Maria Dwight, a Santa Monica-based consultant who helps plan and market senior-citizen housing, said older residents do not want to pay for perks they won’t use, and they can be resistant to change.

“They don’t see the facilities with fresh eyes,” she said. “So the carpet is a little worn, so what? They are living there; they are comfortable.”

The intergenerational tension is expected to mount as more and more baby boomers enter their golden years, during which they are expected to be healthier and more active than the generation that came before them. By 2030, one in five U.S. residents is expected to be 65 and older.

“This creates a real dilemma for older retirement communities,” Dwight said, “because they tend to have small dwelling units and huge dining rooms that aren’t attractive to younger older people who want weight rooms and casual dining and lap pools and a home office and room for the grandchildren to come visit.”

But even small switches, such as replacing a calisthenics class with pilates, can be disconcerting to the old-timers. At Oakmont Village, a 3,000-home neighborhood in Santa Rosa, it was the cost of spiffing up the gym that raised people’s blood pressure. At the San Francisco Towers, a luxury retirement community, there was some tension when the ladies’ tea room was transformed into a casual cafe.

Residents Betty Cable, from left, Inge Berliner and Doris Bebb, dine at San Francisco Towers retirement community in San Francisco. As residences designed for a generation that came of age during the Great Depression make way for one that entered adulthood amid postwar prosperity, more and more retirement communities are experiencing culture clashes.

One retirement-home chief executive in New Jersey was forced out after residents rebelled over plans to modernize the place, Dwight said. “They tried telling me that having an indoor lap pool was very hedonistic,” she recalled.

That is the quandary in which Northern California Presbyterian Homes and Services, which owns The Sequoias and six other retirement communities, finds itself. Chief Executive Barbara Hood said upgrading aging facilities is critical to nonprofit organizations like hers as more private developers get into the increasingly lucrative senior-citizen housing market.

The Sequoias, whose 333 residents range in age from 69 to 103, added a buffet and casual-dress seating, though it also kept sit-down table service and the dress-up rule for those who preferred it. A cafe where people can grab an espresso and pastry is also planned. And an outdoor garden for meditating and practicing tai chi was added.

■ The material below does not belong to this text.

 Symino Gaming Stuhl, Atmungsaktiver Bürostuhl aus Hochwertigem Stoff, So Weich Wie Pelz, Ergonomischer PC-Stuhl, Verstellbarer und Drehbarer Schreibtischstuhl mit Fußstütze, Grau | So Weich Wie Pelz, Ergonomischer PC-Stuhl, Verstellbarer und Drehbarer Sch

“It’s their home, so of course they are going to be concerned,” Hood said of the grumbling from the older residents. But “we have to make sure we are keeping our commitments to current residents and attracting the next cohort of seniors.”

While there has been a lot of talk about what the baby boom generation will want when it retires, the changes under way have largely been targeted at their predecessors, the so-called Silent Generation born between 1925 and 1942. And they tend to be wealthier and more outspoken than the GI Generation that came before them, said Anne Burns Johnson, president of Aging Services of California.

Most senior citizens tend to adapt if the changes are handled with sensitivity, said Dee Ann Campbell, vice president of the Episcopal Homes Foundation, which operates the San Francisco Towers.

“The people who have been there a while and only did water aerobics or chair yoga will say, ‘I didn’t think I would like line dancing, but it’s really fun,” she said.

Over at The Sequoias, the chronic complainers still gripe about how things just haven’t been the same since the dining room relaxed the dress code. But many residents have embraced the buffet or learned to adapt.

“We have grandchildren coming in who wear nothing but jeans,” Orloff said, “but by and large the nasty looks have disappeared – sort of.”